CorticalStack/gemma-7b-ultrachat-sft is an 8.5 billion parameter language model derived from Google's Gemma-7B. It has been fine-tuned using Supervised Fine-Tuning (SFT) on the extensive UltraChat dataset, which is designed to improve conversational abilities.

Key Characteristics

  • Base Model: Fine-tuned from google/gemma-7b.
  • Training Data: Utilizes the stingning/ultrachat dataset for SFT, focusing on dialogue generation.
  • Parameter Count: 8.5 billion parameters.
  • Context Length: Supports a maximum sequence length of 2048 tokens during fine-tuning.

Fine-tuning Details

The model was fine-tuned using LoRA (Low-Rank Adaptation) with specific configurations:

  • LoRA r: 8
  • LoRA alpha: 16
  • LoRA dropout: 0.1

Training involved 1 epoch with a batch size of 4, gradient accumulation steps of 6, and a paged_adamw_32bit optimizer.
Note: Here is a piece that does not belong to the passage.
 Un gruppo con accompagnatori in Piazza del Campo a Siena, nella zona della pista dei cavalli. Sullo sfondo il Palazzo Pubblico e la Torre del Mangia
A constant learning rate of 0.0002 was used over 100 steps.

Ideal Use Cases

This model is particularly well-suited for applications requiring robust conversational AI, such as:

  • Chatbots and virtual assistants.
  • Dialogue generation in interactive systems.
  • Tasks benefiting from human-like conversational responses.